- **Problem statement**:
For the records below, print the lines from the line with "-官塘陈记鱼生·潮汕砂锅粥·牛肉火锅(潮枫路总店)" through the line with "Hybaid Limited Pcr" exactly as written; include both end lines and exclude the rest.
+--
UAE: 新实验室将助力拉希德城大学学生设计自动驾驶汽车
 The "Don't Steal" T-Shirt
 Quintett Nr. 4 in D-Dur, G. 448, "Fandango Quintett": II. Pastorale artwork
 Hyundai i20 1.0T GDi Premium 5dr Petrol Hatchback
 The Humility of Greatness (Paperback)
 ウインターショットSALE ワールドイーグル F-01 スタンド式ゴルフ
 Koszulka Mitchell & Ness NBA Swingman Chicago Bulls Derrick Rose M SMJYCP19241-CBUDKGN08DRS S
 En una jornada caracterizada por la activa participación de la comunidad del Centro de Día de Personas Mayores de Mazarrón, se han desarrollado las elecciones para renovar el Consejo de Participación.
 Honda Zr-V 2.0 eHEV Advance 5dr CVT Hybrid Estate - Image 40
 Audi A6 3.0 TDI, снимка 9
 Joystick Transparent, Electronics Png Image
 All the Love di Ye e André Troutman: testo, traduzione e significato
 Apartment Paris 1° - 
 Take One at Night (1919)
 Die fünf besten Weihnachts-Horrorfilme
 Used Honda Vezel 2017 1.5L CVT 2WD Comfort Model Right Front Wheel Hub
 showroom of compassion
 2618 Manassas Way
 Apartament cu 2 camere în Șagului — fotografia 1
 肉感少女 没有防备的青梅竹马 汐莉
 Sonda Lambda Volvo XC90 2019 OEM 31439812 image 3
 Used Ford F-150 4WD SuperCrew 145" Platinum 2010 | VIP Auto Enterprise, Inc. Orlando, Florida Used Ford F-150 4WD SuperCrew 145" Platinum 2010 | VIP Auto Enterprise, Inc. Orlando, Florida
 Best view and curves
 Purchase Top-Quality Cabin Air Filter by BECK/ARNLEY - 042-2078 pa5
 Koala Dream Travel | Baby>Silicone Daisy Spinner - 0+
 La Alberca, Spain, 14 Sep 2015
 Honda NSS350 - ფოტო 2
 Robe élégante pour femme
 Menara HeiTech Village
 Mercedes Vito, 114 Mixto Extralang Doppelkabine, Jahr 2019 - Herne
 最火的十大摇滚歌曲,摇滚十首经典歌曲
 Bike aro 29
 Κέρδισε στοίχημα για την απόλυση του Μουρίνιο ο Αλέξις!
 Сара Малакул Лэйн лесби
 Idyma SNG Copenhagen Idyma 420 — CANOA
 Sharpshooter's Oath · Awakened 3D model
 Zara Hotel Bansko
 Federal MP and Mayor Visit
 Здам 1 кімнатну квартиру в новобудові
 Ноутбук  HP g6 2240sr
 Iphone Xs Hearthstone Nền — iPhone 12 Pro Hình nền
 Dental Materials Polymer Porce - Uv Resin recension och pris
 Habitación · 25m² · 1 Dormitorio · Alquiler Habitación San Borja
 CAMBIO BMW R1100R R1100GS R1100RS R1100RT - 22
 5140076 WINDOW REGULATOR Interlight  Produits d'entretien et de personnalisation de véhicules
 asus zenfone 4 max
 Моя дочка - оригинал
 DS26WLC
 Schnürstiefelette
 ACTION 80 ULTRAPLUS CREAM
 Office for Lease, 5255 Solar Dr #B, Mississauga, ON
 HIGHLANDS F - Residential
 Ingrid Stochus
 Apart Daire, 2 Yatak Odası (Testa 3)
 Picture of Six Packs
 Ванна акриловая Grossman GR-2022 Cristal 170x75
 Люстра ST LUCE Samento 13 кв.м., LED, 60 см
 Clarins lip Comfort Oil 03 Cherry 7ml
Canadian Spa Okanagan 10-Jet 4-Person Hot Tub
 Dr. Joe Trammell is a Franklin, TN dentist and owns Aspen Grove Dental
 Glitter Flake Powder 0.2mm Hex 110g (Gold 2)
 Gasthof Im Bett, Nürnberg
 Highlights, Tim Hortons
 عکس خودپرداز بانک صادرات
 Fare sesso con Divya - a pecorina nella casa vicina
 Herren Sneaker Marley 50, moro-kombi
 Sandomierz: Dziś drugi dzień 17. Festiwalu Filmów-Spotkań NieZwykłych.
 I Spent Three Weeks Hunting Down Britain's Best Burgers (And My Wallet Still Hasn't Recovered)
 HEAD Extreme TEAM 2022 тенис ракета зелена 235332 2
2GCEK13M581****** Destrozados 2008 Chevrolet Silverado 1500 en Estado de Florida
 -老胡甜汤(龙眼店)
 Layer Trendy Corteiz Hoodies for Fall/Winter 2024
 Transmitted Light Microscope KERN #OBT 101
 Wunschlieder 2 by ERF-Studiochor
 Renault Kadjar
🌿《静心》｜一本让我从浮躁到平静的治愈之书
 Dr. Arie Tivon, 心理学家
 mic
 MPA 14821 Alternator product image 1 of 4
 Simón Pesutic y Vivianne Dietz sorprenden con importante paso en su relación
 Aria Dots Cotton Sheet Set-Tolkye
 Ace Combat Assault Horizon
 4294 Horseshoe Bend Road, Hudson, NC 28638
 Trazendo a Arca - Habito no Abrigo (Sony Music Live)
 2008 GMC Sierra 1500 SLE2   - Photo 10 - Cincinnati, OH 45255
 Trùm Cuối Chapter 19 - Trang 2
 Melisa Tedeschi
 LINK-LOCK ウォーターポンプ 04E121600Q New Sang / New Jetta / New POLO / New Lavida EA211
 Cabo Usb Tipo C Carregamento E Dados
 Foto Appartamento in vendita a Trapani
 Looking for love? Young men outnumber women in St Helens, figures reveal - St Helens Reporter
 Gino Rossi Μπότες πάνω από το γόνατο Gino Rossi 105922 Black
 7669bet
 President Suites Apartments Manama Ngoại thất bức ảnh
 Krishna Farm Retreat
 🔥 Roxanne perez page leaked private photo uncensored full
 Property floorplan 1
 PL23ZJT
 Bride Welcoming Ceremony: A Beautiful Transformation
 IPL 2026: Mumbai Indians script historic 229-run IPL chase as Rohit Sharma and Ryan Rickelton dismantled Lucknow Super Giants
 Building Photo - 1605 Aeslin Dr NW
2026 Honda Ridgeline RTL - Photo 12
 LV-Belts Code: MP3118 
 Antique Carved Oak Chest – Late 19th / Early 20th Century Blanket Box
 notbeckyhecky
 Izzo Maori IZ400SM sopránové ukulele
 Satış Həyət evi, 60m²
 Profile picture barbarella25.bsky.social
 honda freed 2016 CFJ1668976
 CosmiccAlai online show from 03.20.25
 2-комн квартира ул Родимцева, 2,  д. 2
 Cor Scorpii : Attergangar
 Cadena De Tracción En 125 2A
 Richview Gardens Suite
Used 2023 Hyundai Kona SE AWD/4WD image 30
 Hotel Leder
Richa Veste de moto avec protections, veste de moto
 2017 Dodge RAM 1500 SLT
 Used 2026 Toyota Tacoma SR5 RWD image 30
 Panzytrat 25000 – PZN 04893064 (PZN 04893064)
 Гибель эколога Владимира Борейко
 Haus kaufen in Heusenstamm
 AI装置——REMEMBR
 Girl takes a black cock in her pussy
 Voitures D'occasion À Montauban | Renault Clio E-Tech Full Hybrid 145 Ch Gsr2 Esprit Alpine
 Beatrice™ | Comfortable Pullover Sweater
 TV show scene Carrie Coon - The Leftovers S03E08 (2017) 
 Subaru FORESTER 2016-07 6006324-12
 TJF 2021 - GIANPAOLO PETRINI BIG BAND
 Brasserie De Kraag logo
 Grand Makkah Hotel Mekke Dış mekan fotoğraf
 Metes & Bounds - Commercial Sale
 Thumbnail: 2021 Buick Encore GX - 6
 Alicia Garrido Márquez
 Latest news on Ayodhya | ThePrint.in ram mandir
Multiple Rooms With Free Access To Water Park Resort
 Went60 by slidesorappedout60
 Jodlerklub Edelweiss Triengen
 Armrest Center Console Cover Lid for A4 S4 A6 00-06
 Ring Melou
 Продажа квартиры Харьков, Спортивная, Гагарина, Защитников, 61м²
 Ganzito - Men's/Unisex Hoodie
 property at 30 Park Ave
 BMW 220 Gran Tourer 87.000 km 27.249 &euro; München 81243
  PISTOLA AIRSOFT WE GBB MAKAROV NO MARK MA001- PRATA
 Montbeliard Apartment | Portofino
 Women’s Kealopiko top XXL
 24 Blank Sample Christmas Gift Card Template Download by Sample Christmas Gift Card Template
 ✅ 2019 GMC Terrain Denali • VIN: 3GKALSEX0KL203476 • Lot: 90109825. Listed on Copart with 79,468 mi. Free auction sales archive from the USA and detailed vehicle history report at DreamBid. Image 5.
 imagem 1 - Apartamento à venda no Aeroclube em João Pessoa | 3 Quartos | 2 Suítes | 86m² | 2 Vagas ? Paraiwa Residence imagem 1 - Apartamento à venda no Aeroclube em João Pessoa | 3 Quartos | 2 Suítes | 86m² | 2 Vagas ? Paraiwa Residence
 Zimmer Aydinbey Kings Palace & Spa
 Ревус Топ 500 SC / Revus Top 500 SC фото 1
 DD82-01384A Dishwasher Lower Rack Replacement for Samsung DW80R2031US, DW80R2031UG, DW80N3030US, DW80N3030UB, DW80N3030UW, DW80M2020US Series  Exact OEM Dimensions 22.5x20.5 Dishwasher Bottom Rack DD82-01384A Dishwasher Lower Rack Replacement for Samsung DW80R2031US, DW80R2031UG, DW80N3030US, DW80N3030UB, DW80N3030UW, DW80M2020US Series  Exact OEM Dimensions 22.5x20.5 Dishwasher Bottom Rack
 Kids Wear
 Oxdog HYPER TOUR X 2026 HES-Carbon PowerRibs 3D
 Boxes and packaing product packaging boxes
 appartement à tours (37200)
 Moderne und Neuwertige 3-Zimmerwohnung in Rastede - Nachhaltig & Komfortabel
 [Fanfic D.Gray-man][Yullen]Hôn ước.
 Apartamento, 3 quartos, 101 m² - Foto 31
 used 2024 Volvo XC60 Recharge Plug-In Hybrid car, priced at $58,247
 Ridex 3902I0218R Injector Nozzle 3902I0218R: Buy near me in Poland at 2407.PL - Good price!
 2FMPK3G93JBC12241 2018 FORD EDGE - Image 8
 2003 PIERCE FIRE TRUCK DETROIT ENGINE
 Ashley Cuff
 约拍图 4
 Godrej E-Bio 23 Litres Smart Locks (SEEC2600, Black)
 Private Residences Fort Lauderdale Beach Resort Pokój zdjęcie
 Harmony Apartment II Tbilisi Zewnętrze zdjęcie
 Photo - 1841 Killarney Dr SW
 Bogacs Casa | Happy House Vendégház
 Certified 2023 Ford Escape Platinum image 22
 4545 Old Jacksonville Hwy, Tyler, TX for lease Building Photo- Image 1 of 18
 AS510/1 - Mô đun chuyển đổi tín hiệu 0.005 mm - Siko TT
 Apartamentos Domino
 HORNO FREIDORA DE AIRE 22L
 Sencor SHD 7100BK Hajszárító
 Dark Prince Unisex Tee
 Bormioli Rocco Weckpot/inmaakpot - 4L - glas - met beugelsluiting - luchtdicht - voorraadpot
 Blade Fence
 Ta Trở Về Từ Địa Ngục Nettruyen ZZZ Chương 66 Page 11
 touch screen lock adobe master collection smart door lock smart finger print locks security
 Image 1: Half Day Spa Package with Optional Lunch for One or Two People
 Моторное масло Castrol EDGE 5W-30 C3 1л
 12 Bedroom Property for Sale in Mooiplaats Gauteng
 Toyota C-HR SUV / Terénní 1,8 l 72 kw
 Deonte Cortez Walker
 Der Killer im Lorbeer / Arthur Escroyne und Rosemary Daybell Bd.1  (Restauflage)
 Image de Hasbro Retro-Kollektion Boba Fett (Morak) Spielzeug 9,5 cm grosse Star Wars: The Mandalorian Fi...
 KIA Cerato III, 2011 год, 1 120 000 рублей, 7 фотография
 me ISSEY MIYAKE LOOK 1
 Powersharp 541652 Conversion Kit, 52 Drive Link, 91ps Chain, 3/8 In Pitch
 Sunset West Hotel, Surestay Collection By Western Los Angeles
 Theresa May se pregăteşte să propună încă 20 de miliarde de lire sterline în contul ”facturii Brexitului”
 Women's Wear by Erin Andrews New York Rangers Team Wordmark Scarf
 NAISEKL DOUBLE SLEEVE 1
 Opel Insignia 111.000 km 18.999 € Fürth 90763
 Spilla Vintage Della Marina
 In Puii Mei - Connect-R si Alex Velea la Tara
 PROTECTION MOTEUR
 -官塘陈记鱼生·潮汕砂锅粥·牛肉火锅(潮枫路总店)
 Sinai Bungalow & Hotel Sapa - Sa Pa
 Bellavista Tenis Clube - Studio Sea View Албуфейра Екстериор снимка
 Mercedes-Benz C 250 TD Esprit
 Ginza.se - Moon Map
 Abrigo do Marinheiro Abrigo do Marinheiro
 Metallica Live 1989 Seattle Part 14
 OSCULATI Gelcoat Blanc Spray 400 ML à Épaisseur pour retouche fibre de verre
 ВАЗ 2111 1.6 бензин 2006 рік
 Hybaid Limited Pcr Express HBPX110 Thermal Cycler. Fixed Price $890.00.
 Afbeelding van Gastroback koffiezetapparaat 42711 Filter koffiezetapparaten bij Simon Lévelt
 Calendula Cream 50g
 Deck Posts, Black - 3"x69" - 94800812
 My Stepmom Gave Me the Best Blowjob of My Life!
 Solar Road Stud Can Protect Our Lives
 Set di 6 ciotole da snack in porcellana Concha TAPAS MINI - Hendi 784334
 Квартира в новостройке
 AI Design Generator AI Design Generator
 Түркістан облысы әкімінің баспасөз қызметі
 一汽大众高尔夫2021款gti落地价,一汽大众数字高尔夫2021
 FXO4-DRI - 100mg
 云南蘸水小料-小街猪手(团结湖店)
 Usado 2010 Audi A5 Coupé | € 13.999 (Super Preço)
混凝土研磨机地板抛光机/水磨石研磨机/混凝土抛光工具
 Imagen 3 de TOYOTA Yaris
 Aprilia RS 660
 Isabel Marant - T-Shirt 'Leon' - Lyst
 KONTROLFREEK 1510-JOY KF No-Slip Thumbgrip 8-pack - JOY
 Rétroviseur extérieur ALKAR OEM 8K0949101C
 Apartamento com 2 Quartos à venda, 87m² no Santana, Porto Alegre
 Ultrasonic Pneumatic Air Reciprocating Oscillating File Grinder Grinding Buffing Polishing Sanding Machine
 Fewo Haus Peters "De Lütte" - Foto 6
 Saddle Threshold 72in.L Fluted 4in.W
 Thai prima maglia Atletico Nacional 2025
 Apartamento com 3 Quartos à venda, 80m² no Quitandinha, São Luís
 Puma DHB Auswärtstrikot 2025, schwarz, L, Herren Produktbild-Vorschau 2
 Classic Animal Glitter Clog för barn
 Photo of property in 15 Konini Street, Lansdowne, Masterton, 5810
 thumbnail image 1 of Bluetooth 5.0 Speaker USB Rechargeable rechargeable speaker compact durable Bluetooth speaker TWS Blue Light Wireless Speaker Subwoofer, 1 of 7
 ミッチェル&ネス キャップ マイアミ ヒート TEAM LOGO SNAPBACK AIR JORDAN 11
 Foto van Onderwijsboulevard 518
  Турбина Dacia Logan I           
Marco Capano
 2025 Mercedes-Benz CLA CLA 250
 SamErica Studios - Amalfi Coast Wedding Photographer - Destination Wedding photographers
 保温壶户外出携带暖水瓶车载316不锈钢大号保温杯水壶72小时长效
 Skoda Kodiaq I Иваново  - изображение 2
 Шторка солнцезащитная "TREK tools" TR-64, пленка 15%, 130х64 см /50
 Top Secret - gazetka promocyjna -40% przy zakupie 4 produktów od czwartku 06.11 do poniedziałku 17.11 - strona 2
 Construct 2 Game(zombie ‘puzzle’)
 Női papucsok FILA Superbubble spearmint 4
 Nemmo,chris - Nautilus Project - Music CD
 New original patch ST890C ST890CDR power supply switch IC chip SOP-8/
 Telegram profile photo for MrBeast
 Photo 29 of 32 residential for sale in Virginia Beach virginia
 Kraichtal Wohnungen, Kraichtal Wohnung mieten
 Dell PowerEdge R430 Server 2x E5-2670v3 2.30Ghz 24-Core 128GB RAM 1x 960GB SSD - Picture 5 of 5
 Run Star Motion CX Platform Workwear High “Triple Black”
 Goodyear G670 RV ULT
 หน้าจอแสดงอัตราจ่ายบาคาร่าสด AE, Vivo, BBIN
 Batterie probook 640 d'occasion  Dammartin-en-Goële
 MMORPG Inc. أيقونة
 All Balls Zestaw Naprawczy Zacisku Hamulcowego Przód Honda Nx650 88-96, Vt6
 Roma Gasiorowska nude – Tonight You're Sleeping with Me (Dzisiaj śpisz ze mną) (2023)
+--
- **Exercise result**:
 -官塘陈记鱼生·潮汕砂锅粥·牛肉火锅(潮枫路总店)
 Sinai Bungalow & Hotel Sapa - Sa Pa
 Bellavista Tenis Clube - Studio Sea View Албуфейра Екстериор снимка
 Mercedes-Benz C 250 TD Esprit
 Ginza.se - Moon Map
 Abrigo do Marinheiro Abrigo do Marinheiro
 Metallica Live 1989 Seattle Part 14
 OSCULATI Gelcoat Blanc Spray 400 ML à Épaisseur pour retouche fibre de verre
 ВАЗ 2111 1.6 бензин 2006 рік
 Hybaid Limited Pcr Express HBPX110 Thermal Cycler. Fixed Price $890.00.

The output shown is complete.